Las Vegas Sands (LVS) stocks have been dragged down from China and Singapore imposing lockdowns and mobility restrictions to limit the resurgence of COVID-19, and are therefore down around 8% so far this year.
I am optimistic on this title.
But as the current wave of COVID-19 recedes, once again investors’ visibility into the future of the hospitality and entertainment industry is brightening.
There could be a rebound in the stock price, but the timing will also depend on whether market conditions improve from the current bearish sentiment.
Currently, strong headwinds from high inflation, the war in Ukraine, widespread protectionism and the risk of recession are preventing investors from getting back on the stock.
Granted, LVS is cheaper today than it was a few weeks ago.
On TipRanks, LVS scores 8 out of 10 on the Smart Score spectrum. This indicates potential for the stock to outperform the broader market.
About Las Vegas Sands
Las Vegas Sands is the world’s leading developer and operator of world-class integrated resorts.

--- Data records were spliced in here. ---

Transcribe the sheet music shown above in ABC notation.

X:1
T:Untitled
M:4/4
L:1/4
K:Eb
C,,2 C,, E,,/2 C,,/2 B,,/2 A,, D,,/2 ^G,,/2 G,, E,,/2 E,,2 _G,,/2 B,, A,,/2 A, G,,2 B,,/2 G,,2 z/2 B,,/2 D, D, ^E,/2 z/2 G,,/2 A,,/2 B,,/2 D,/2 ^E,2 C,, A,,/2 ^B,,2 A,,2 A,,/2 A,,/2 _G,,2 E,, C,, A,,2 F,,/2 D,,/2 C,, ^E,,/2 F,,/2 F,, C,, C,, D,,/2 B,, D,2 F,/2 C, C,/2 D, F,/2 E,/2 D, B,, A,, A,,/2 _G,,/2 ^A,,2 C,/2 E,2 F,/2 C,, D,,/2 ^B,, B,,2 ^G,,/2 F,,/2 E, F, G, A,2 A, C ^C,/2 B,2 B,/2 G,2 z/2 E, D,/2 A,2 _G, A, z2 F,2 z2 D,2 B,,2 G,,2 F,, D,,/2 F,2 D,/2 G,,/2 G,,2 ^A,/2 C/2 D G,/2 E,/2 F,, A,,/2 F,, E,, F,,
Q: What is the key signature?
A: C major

Its portfolio includes one property in Singapore and five properties in the Macau Special Administrative Region (SAR) of China, in the Western Pearl River Delta on the South China Sea.
The company also states that it is included in the Dow Jones World and North America Sustainability Indexes, while also being recognized by Fortune as one of the World’s Most Admired Companies.

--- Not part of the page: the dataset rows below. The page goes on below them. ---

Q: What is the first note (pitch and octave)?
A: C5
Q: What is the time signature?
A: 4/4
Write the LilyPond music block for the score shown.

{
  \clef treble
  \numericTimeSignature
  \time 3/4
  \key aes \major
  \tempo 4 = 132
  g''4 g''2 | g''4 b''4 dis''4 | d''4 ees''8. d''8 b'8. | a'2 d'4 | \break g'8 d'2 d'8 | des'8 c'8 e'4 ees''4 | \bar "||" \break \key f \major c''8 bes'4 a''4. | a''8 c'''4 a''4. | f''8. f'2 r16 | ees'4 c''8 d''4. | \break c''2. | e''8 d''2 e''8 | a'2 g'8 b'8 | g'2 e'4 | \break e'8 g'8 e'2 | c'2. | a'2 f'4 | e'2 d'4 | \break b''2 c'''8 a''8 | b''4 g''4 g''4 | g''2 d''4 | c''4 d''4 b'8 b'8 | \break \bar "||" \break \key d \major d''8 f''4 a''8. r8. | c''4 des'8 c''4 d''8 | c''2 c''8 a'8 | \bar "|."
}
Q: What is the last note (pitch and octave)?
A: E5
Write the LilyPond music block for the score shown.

The company’s headquarters are in Las Vegas, Nevada.
First quarter 2022 financial results
Due to travel restrictions in Macau and Singapore to limit the resurgence of COVID-19, Las Vegas Sands saw fewer visitors in the first quarter of 2022 than in the first quarter of 2021.
As a result, revenue fell more than 20% year-over-year to $943 million in the first quarter of 2022, below analysts’ median forecast of around $187 million.
By region, net revenue from Macau operations was $551 million (down 29% year-on-year), while net revenue from Marina Bay Sands operations in Singapore was $399 million (down 6.3% year over year).
In addition to lower revenue, Las Vegas Sands had higher interest expense on outstanding debt compared to the same quarter a year earlier.
The two things combined led to a pro forma net loss of $0.41 in the first quarter of 2022, missing the average analyst estimate of $0.17.
Additionally, consolidated adjusted EBITDA of $110 million for the first quarter of 2022 was 55% lower than the prior year quarter. Capital expenditure amounted to $137 million, of which more than 60% was allocated to Macao and the rest to Singapore.
The future no longer looks as uncertain as it did just weeks ago, when COVID-19 infections erupted again in the People’s Republic of China and other East Asian countries, including Singapore. .
Governments have imposed lockdowns and restrictions to curb the spread of the coronavirus, severely limiting opportunities for Las Vegas Sands and other resort and casino operators to welcome visitors. These measures have been depressing for the businesses of resort and casino operators, as they are highly dependent on customers traffic and tourism.
After about two months of strict restrictions on trade and the free movement of citizens, the situation in various Chinese urban areas, including the Macao SAR, is gradually returning to normal.
Additionally, given the location of the assets, Las Vegas Sands benefits from the Chinese government’s focus on developing the real economy in the Guangdong-Hong Kong-Macau Greater Bay Area.
Analyst earnings growth estimates
Analysts estimate that Las Vegas Sands will increase its earnings per share by 50.80% this year, 431% in 2023 and 265.70% annually over the next few years, from 2023 to 2027.
The financial situation
As of March 31, 2022, the company had unlimited cash balances of $6.43 billion and had access to $3.48 billion of revolving credit facilities, while total debt outstanding was 14 .95 billion dollars.
LVS believes that its financial position is strong enough to support investment activities and cover capital expenditures in Macau and Singapore, while seeking growth by entering new markets.
The Taking of Wall Street
Over the past three months, eight Wall Street analysts have released a 12-month price target for LVS. The stock has a strong buy consensus rating based on six buy ratings and two hold ratings.
The Las Vegas Sands average price target is $48.63, implying an upside potential of 39.10%.
The shares are changing hands at $35.46 at the time of writing for a market cap of $27.10 billion and a 52-week range of $28.88 to $59.59.
The stock price does not look expensive as it is trading below the 50-day moving average of $35.86 and significantly below the 200-day moving average of $38.98.
Currently, the stock price offers a more compelling entry point than just a few weeks ago, increasing the likelihood of a higher return when sentiment turns bullish for the stock.
The lockdown and restrictions continue to affect the financial performance of Las Vegas Sands, reflecting bearish sentiment around the stock price.
Nonetheless, demand for casinos and resorts remains robust in China and Singapore, according to the company’s latest quarterly earnings report.
Stocks could rise as governments lift restrictions on an increasingly weak form of COVID-19.